The court yesterday granted activists Farm Transparency International (FTI) special leave to appeal a Federal Court injunction banning them from sharing a 14-minute kill-floor compilation.
The footage filmed by trespassers between January and April 2024, depicts goat processing at Victoria’s Game Meats Company (GMC) Eurobin facility.
This latest challenge – expected to be heard by the High Court in Canberra – will be the fifth time the issue has faced court.
The activists are hoping a High Court decision would set a precedent for broadcasting all illegal abattoir footage.
“We have total confidence in (FTI’s) ability to win this battle for the public’s right to know what happens in farms and slaughterhouses, once and for all,” they claimed on Facebook.
In May 2024 activists sent the footage to the Department of Agriculture, Fisheries and Forestry and Channel Seven. The TV station did not broadcast the footage but published stories regarding the alleged animal cruelty at the abattoir.
The footage was published online by FTI’s agency Farm Transparency Project (FTP) in May 2024. However, a temporary injunction forced FTP to remove it within hours.
The matter was heard during a Federal Court trial in August 2024, After FTP admitted trespass, the court awarded GMC $130,000 in damages but denied a permanent injunction against the footage.
A further injunction, issued last August, awarded GMC copyright over the footage.
The activists opposed the injunction on grounds that it would breach their implied right to political communication under the Australian Constitution.
GMC appealed to the full court of the Federal Court, which granted an injunction on the footage and ordered its destruction. It was the first time that the Federal Court had made such a decision in response to an act of trespass.
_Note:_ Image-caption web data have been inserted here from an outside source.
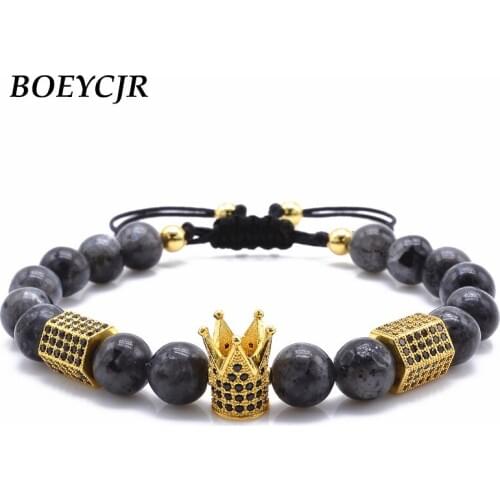 Alloy Crown Black Color Beads Bangles & Bracelets Fashion Jewelry Nature Stone Beads Bracelet For Women or Men Gift
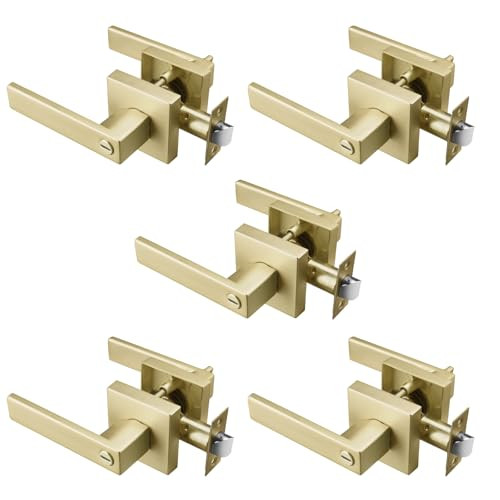 Satin Brass Interior Door Handle,Privacy Door Lever for Bath & Bed,Keyless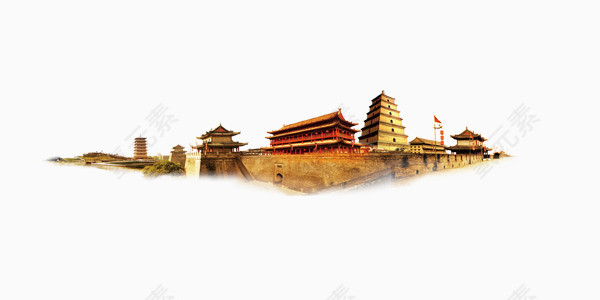 中国风古都西安旅游装饰图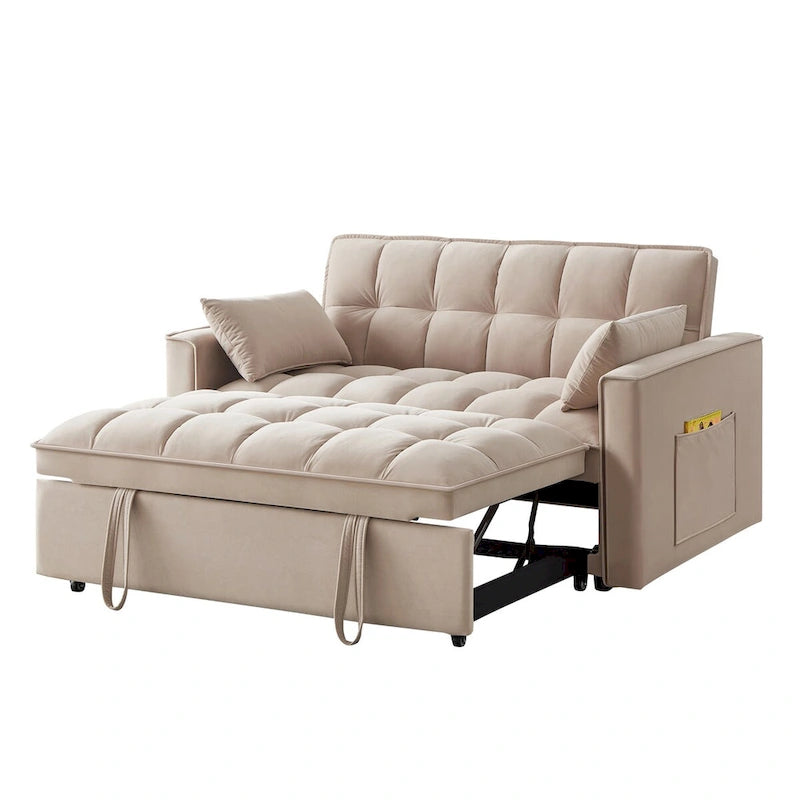 Divano letto a due posti 4 in 1 con braccioli e tasche portaoggetti, divano letto estraibile multifunzionale trapuntato con schienale regolabile
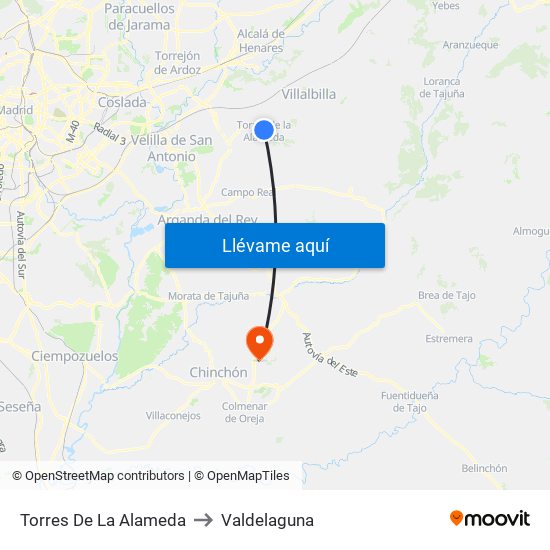 Torres De La Alameda to Valdelaguna map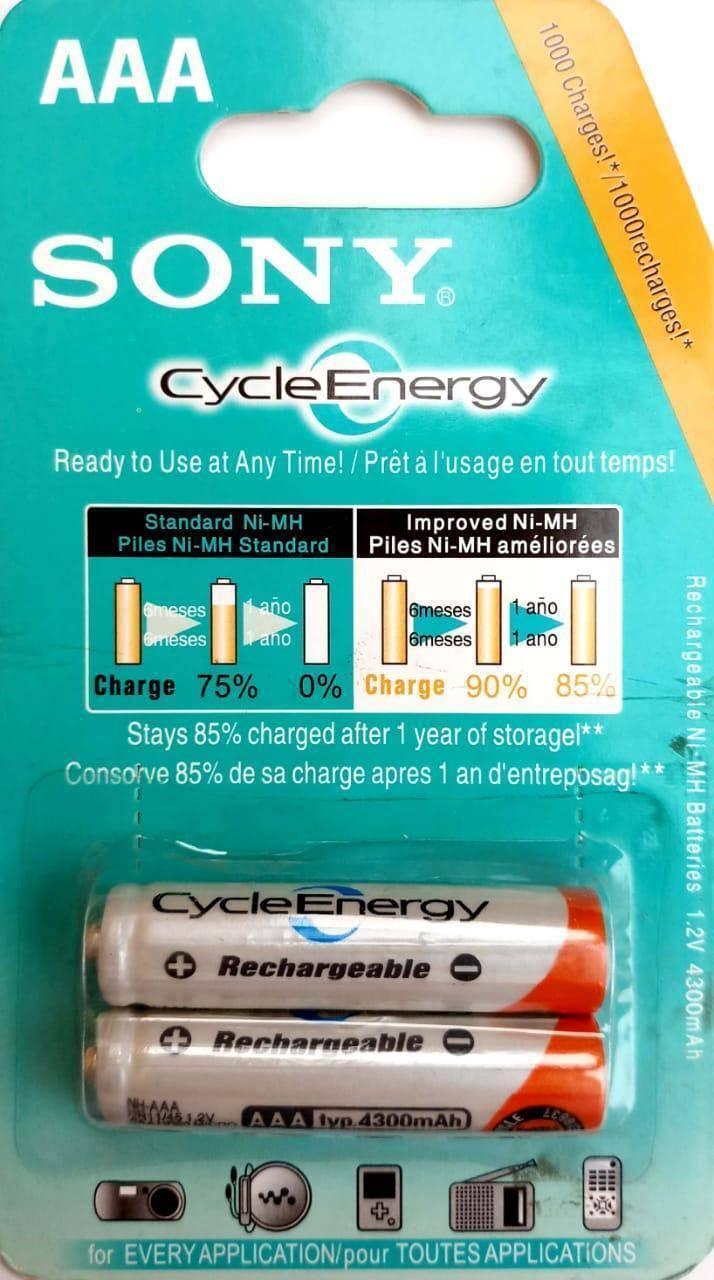 Clone 2pcs Aaa Rechargeable Cell 1.2v Sony Cycle Energy Cell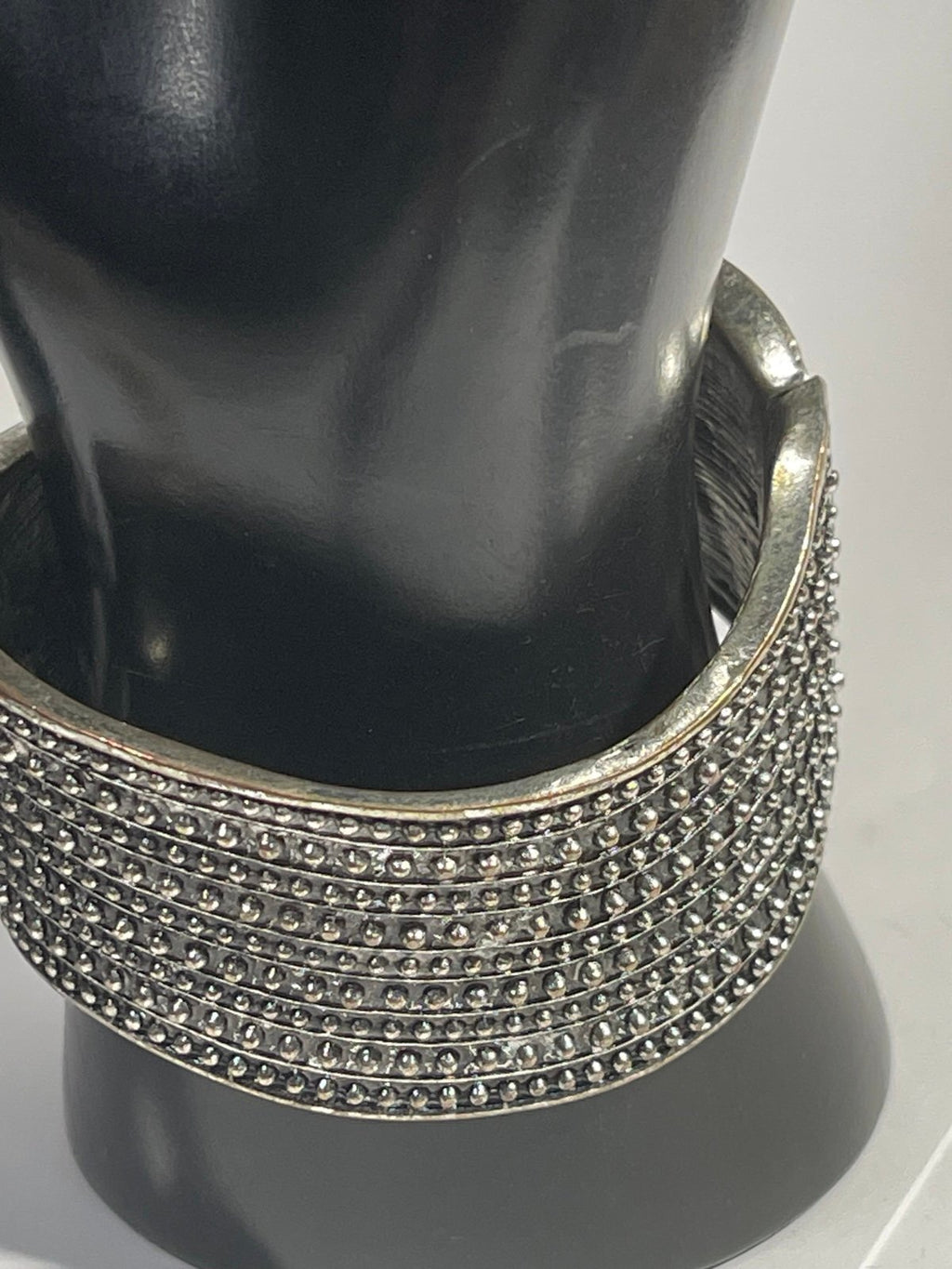 American Flag Gunmetal Tone Rhinestone & Enamel Hinge Cuff Bracelet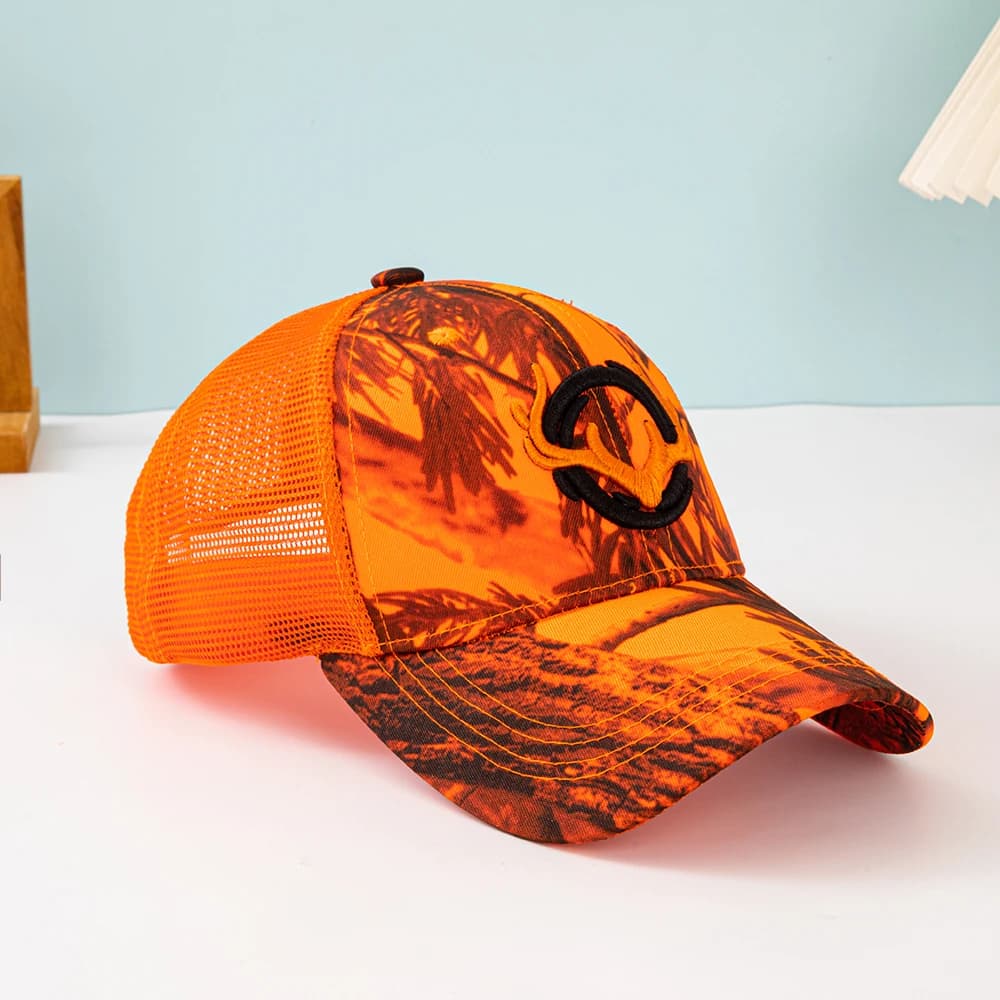 Outdoor Camouflage Deer Antler Embroidered Mesh Truck Hat Leaf Print Embroidery Breathable Baseball Cap for Hunting - Image 3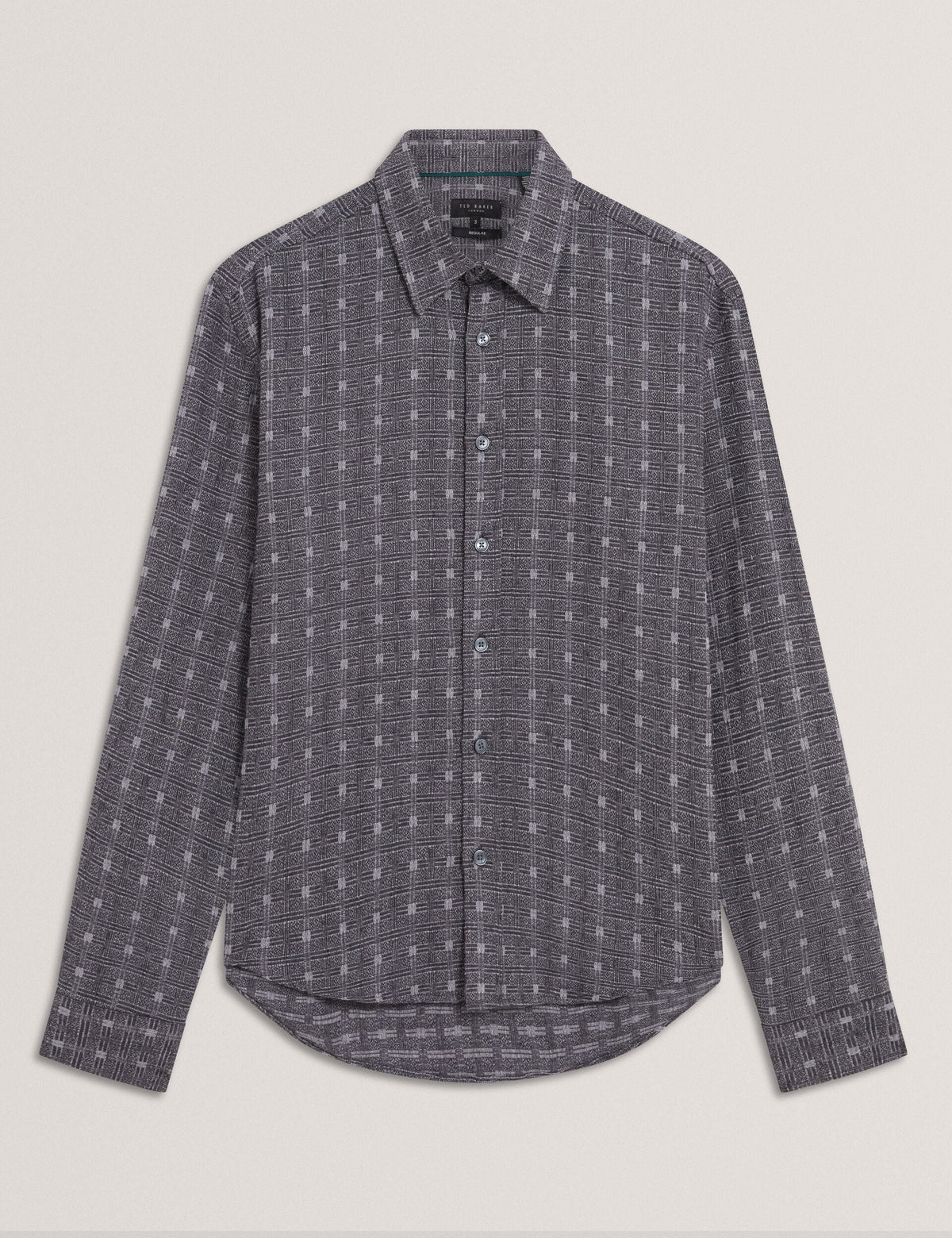Ted Baker Vyser Jacquard Check Woven Long Sleeve Shirt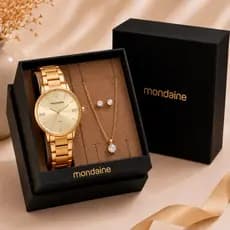 Kit Relógio Feminino + Colar e Brincos Original Mondaine Dourado Presente Mãe Namorada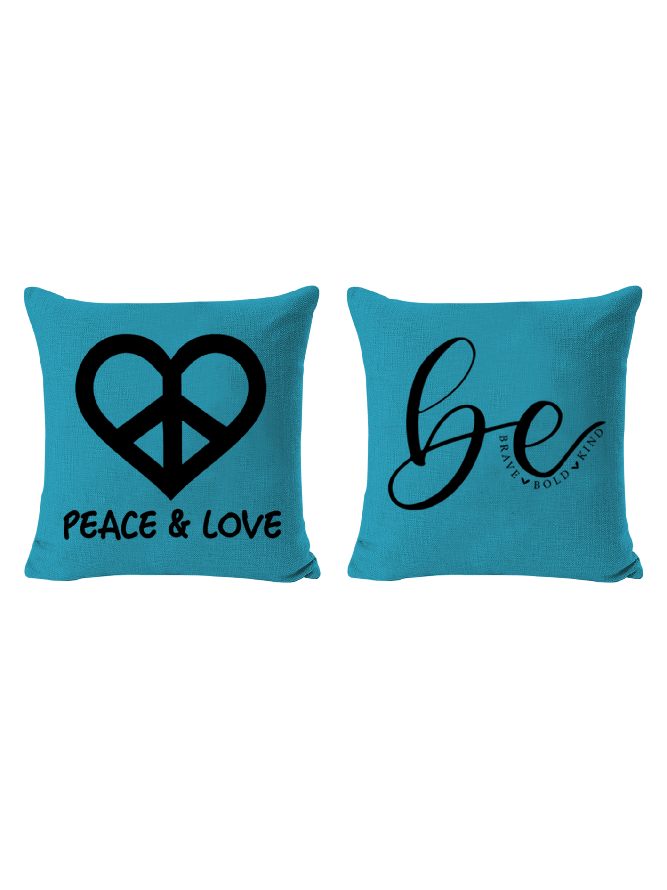 20*20 Set of 2 Lilicloth X JI Kindness Quote Be Brave Be Bold Be Kind Backrest Cushion Pillow Covers, Decorations For Home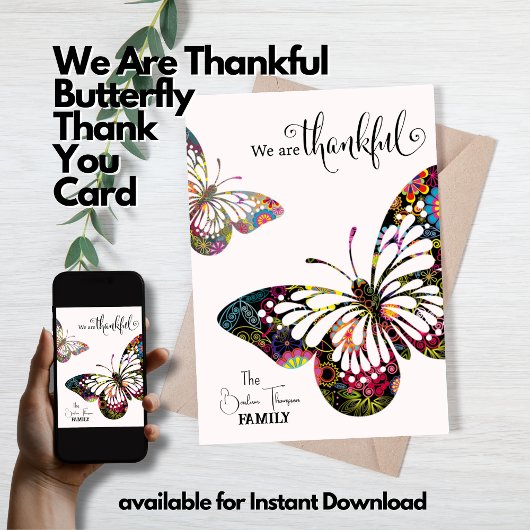 Nous Sommes Heureux Super Papillon Carte de remerc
However, this order was stayed, pending the outcome of the special leave application to the High Court.
On FTP’s Facebook page, the activists said: “The High Court will be the final arbiters on this case, with the outcome setting a binding precedent for future animal cruelty investigations in Australia.
“FTP will argue that the footage, which shows numerous instances of animal cruelty in breach of welfare requirements, as well as standard animal slaughter practices, should be allowed to be published and that the organisation should retain copyright over the footage that they captured.”
The group has launched a crowd fund-raising campaign to help pay of the ‘fantastic new legal team who put together the successful application’, they said. “Going to the High Court is an expensive undertaking, but this case is vitally important.”
Under Australian law it is generally held that copyright in a film or a photograph is owned by the photographer or film-maker.
In a review of the previous hearing, Sydney law firm Minter Ellison has reported: “This represents an interesting development in Australian law. Seeking an assignment of the underlying copyright will be an important consideration for individuals or companies that are subjected to illegal surveillance or captured on covert recordings.”
The legal experts noted that while people who are subjected to serious invasions of privacy can take action under the Privacy Act “this case provides a precedent for an alternative or additional cause of action and remedies.”